Start of Input for this task

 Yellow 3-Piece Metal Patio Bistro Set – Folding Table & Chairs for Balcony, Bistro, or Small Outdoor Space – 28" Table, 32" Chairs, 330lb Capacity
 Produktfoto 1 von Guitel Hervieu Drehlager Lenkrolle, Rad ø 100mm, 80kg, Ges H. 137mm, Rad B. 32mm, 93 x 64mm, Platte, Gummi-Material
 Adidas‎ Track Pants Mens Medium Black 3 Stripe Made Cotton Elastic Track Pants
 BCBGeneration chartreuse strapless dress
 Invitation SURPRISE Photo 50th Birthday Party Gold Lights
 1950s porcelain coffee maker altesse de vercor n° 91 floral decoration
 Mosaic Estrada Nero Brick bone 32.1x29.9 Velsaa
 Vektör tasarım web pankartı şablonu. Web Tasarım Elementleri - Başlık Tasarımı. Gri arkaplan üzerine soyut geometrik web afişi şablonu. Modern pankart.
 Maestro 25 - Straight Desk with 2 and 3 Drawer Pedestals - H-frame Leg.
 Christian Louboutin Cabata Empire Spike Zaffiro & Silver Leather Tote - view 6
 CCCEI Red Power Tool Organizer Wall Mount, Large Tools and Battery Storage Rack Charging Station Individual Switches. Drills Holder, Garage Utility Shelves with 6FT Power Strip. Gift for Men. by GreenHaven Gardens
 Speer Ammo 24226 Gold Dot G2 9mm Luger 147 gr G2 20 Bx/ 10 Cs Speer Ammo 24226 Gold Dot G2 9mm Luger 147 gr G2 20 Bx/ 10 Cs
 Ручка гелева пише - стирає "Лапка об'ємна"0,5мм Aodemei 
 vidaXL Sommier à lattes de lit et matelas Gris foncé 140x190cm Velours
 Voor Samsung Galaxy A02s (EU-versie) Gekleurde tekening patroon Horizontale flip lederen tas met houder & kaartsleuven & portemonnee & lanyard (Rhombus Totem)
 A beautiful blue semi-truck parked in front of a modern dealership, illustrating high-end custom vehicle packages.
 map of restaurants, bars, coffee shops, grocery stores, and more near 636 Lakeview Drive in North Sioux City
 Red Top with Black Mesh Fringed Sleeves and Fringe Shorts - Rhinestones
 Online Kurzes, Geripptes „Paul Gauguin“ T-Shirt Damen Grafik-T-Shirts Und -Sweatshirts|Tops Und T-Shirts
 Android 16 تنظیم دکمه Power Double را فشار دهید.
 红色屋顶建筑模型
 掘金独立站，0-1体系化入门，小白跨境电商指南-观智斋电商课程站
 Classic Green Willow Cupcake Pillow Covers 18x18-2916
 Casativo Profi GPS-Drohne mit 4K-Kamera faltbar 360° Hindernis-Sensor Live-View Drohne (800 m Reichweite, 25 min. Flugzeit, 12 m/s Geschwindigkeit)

End of Input for this task

## What you are asked to do
Every entry above needs to be copied exactly.

## Exercise solution
 Yellow 3-Piece Metal Patio Bistro Set – Folding Table & Chairs for Balcony, Bistro, or Small Outdoor Space – 28" Table, 32" Chairs, 330lb Capacity
 Produktfoto 1 von Guitel Hervieu Drehlager Lenkrolle, Rad ø 100mm, 80kg, Ges H. 137mm, Rad B. 32mm, 93 x 64mm, Platte, Gummi-Material
 Adidas‎ Track Pants Mens Medium Black 3 Stripe Made Cotton Elastic Track Pants
 BCBGeneration chartreuse strapless dress
 Invitation SURPRISE Photo 50th Birthday Party Gold Lights
 1950s porcelain coffee maker altesse de vercor n° 91 floral decoration
 Mosaic Estrada Nero Brick bone 32.1x29.9 Velsaa
 Vektör tasarım web pankartı şablonu. Web Tasarım Elementleri - Başlık Tasarımı. Gri arkaplan üzerine soyut geometrik web afişi şablonu. Modern pankart.
 Maestro 25 - Straight Desk with 2 and 3 Drawer Pedestals - H-frame Leg.
 Christian Louboutin Cabata Empire Spike Zaffiro & Silver Leather Tote - view 6
 CCCEI Red Power Tool Organizer Wall Mount, Large Tools and Battery Storage Rack Charging Station Individual Switches. Drills Holder, Garage Utility Shelves with 6FT Power Strip. Gift for Men. by GreenHaven Gardens
 Speer Ammo 24226 Gold Dot G2 9mm Luger 147 gr G2 20 Bx/ 10 Cs Speer Ammo 24226 Gold Dot G2 9mm Luger 147 gr G2 20 Bx/ 10 Cs
 Ручка гелева пише - стирає "Лапка об'ємна"0,5мм Aodemei 
 vidaXL Sommier à lattes de lit et matelas Gris foncé 140x190cm Velours
 Voor Samsung Galaxy A02s (EU-versie) Gekleurde tekening patroon Horizontale flip lederen tas met houder & kaartsleuven & portemonnee & lanyard (Rhombus Totem)
 A beautiful blue semi-truck parked in front of a modern dealership, illustrating high-end custom vehicle packages.
 map of restaurants, bars, coffee shops, grocery stores, and more near 636 Lakeview Drive in North Sioux City
 Red Top with Black Mesh Fringed Sleeves and Fringe Shorts - Rhinestones
 Online Kurzes, Geripptes „Paul Gauguin“ T-Shirt Damen Grafik-T-Shirts Und -Sweatshirts|Tops Und T-Shirts
 Android 16 تنظیم دکمه Power Double را فشار دهید.
 红色屋顶建筑模型
 掘金独立站，0-1体系化入门，小白跨境电商指南-观智斋电商课程站
 Classic Green Willow Cupcake Pillow Covers 18x18-2916
 Casativo Profi GPS-Drohne mit 4K-Kamera faltbar 360° Hindernis-Sensor Live-View Drohne (800 m Reichweite, 25 min. Flugzeit, 12 m/s Geschwindigkeit)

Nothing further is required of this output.